Time Series Name Notation

 

A large number of different time series can be analyzed, loaded from files, or generated by standardization, segmentation or resampled data generation. To keep track of the time series names unique notation is used in order to identify different time series that are generated on the basis of a time series or file. The full name of each time series is comprised by the file name upon loading followed by specific notation for the different operations on the time series.

Each parameter used in the time series operations is identified by a character, as shown in the first column in the table below.

The parameters may bear only a single value or a range of values given in standard matlab syntax, e.g. 1:10 or [1 5:10 20] (see second column in the table).

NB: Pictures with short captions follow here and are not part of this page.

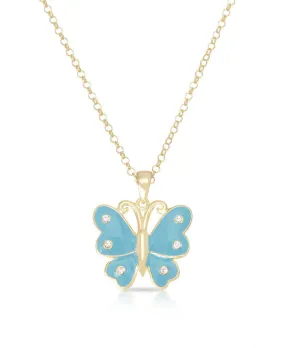 Butterfly Pendant (Turquoise)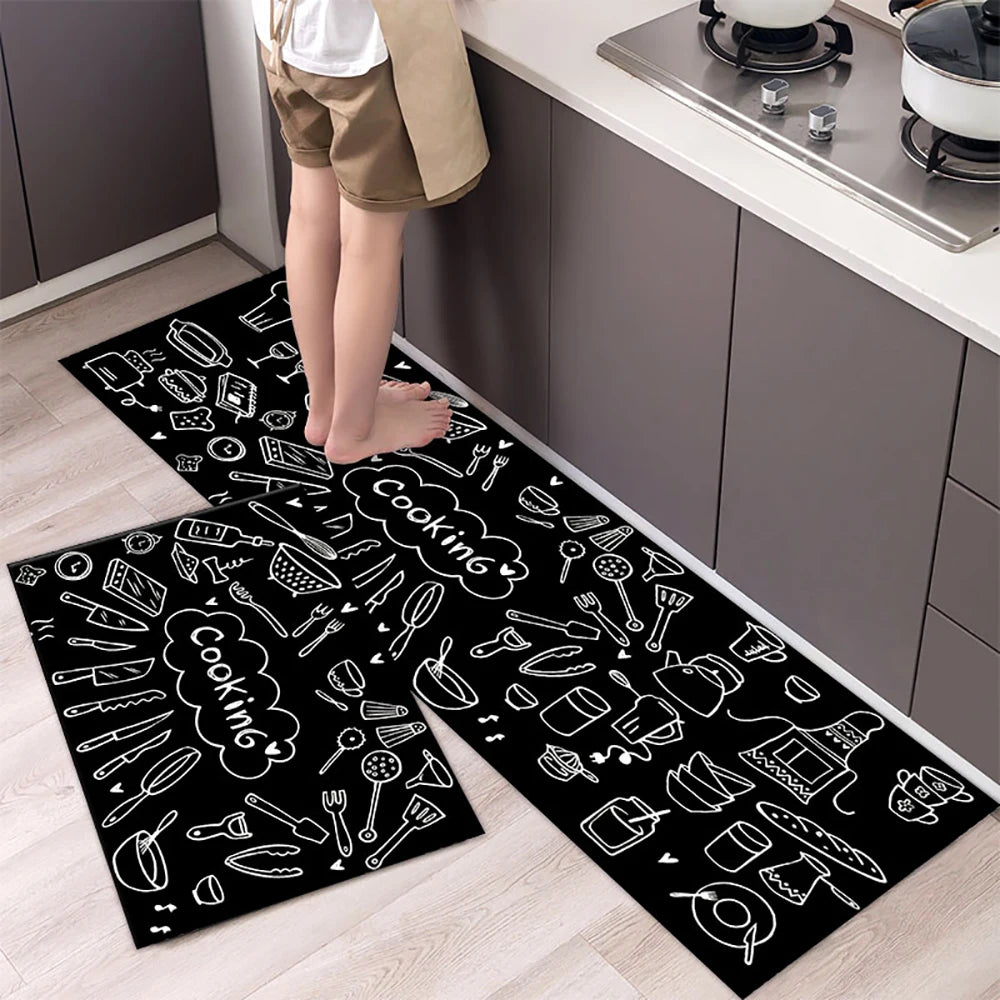 Modern Kitchen Anti-Fatigue Mat – Stylish & Durable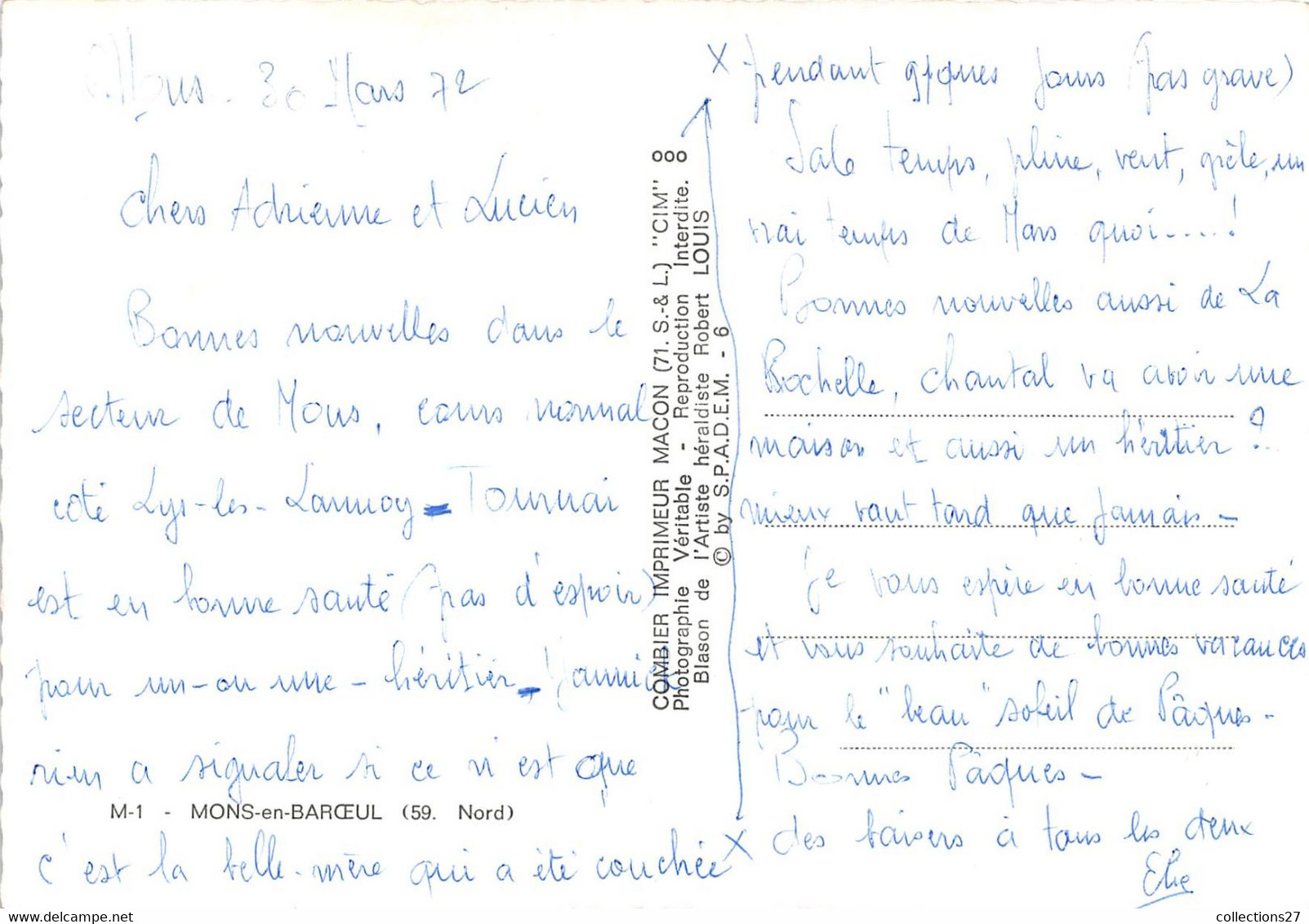 59-MONS-EN-BAROEUL- MULTIVUES - Other & Unclassified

The parameters may be constrained to specific ranges, as given in the third column of the table.

 

Time Series Name Notation
Character Number follows Operation Description   (N=length of time series)
C yes Load time series the index following 'C' denotes the column of the data matrix when loading a file with multiple columns.
S yes Segment time series the index following 'S' denotes the order of the time series segment in the series of segments when splitting the original time series.
n yes Segment time series length of each segment when segmenting the time series.
s yes Segment time series sliding step in the generation of segments, when s=n there is no overlapping of segments, when s<n there is overlapping, and when s>n there are gaps in the time series not assigned to a segment.
B no Segment time series when there are residuals after splitting the original time series to segments of length n, the unused residuals are taken from the beginning (B) of the original time series.
E no Segment time series when there are residuals after splitting the original time series to segments of length n, the unused residuals are taken from the beginning of the original time series
G no Transform   time series denotes the "Gaussian" standardization of the time series, resulting in a time series with Gaussian marginal distribution
L no Transform   time series denotes the "Linear" standardization of the time series, resulting in a time series with minimum 0 and maximum 1
N no Transform   time series denotes the "Normalized" or z-score standardization of the time series, resulting in a time series with mean 0 and standard deviation 1
U no Transform   time series denotes the "Uniform" standardization of the time series, resulting in a time series with Uniform marginal distribution
O no Transform   time series denotes the "Log-difference"-transform of the time series taking first the natural logarithm of the data (setting first the minimum of the time series to 1 if it contains negative values) and then the first differences.
D yes Transform   time series denotes the "Detrending" of the time series. A polynomial of a given degree is fitted and the detrended time series is the residual of the fit.
T yes Transform   time series denotes the "Lag difference" of the time series for a given lag, so that the new component at time t is x(t)-x(t-lag)
X yes Transform   time series denotes the "Box-Cox" power transform of the time series for a given parameter lambda (suitable for normalizing the time series), which is denoted as integer lambda*100, e.g. for lambda=1.71 the filename will have 'X171'. If lambda=0 the transform is the natural logarithm (setting first the minimum of the time series to 1 if it contains negative values)
RP yes Resampled time series Randomly Permutated (RP) resampled (surrogate) time series; only the marginal distribution is preserved and the RP time series is otherwise random.
FT no Resampled time series Fourier Transform (FT) resampled (surrogate) time series; only the power spectrum or equivalently the autocorrelation is preserved and the FT time series is otherwise random.
AAFT yes Resampled time series Amplitude Adjusted Fourier Transform (AAFT) resampled (surrogate) time series; the power spectrum, equivalently the autocorrelation, and the marginal distribution are preserved (under conditions) and the AAFT time series is otherwise random.
IAAFT yes Resampled time series Iterated Amplitude Adjusted Fourier Transform (IAAFT) resampled (surrogate) time series; the the power spectrum, equivalently the autocorrelation, and the marginal distribution are preserved and the IAAFT time series is otherwise random.
STAP no Resampled time series Statically Transformed Autoregressive Process (STAP) resampled (surrogate) time series; the power spectrum, equivalently the autocorrelation, and the marginal distribution are preserved and the STAP time series is otherwise random. The algorithm uses two parameters: the degree of polynomial approximation (pol), and the order of autoregressive model (arm).
AMRB yes Resampled time series Autoregressive Model Residual Bootstrap (AMRB) resampled (bootstrap) time series; the the power spectrum, equivalently the autocorrelation, and the marginal distribution are preserved (the later not exactly) and the AMRB time series is otherwise random. The algorithm uses one parameter: the order of autoregressive model (arm).